TLS server config seems to be ignored

[jalberto]

Using:

SERVER_TLS_SSLMODE=require

I can see in the logs the generated ini file:

[databases]
* = host=host port=5432 user=user password=pw

[pgbouncer]
# Generic settings
listen_addr = 0.0.0.0
auth_type = any
ignore_startup_parameters = extra_float_digits

# Log settings
admin_users = postgres

# Connection sanity checks, timeouts

# TLS settings
server_tls_sslmode = prefer

# Dangerous timeouts
################## end file ##################

But when trying to connect:

login attempt: db=db user=uder tls=no
new connection to server (from 172.17.0.3:45586)
WARNING TLS handshake error: handshake failed: error:27069065:OCSP routines:OCSP_basic_verify:certificate verify error
closing because: server conn crashed? (age=0)

Notice: tls=no

Is it possible the image is missing some ssl lib?

[brainsam]

Hi, Jose!
First of all, it looks like you typed SERVER_TLS_SSLMODE=prefer to get that pgbouncer.ini
Did you read this issue #105?

[brainsam]

to tell the truth, I haven't tested tls settings before, will try to reproduce and fix this near days

[jalberto]

Hi @brainsam

Yes you are right, I mean prefer, but I tried with require too.

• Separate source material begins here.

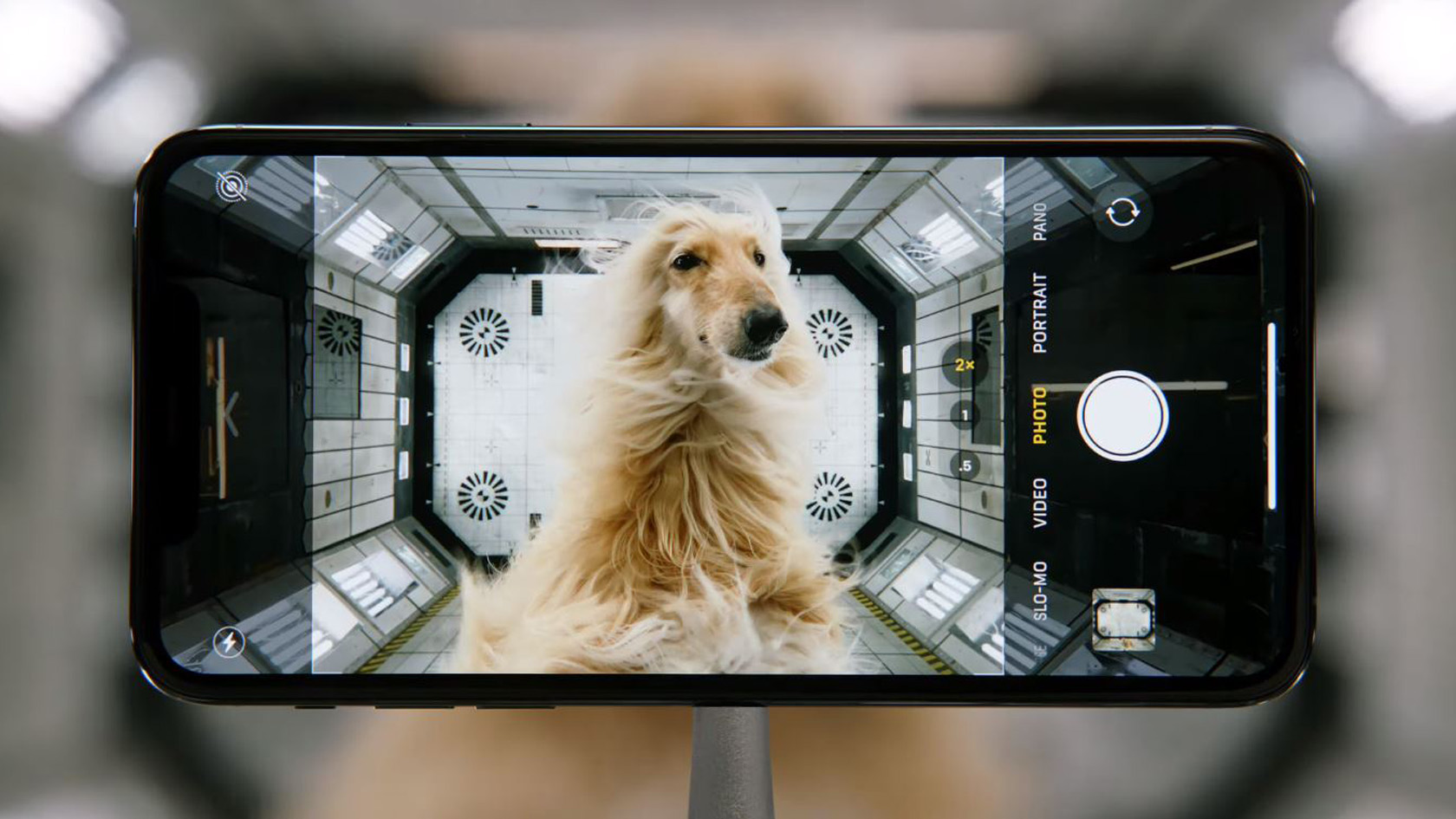 Собака с айфоном фото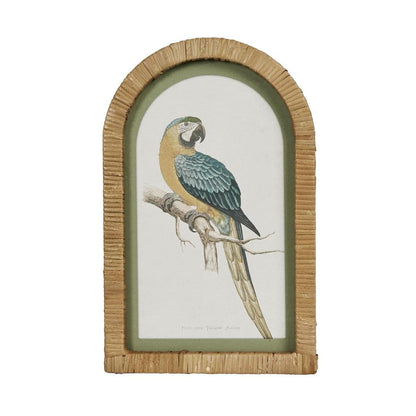 Parrots in Arches Wall Art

That issue you mention seems to be related to client SSL not server SSL, also they are talking about connection using certificates (verify mode) with require/prefer/allow the cert is not checked against a local cert, just use a SSL connection.

Thank for your help!

[edevil]

I have the same problem. Has a solution been found?

[arsa666]

has this issue been solved? I have same problem.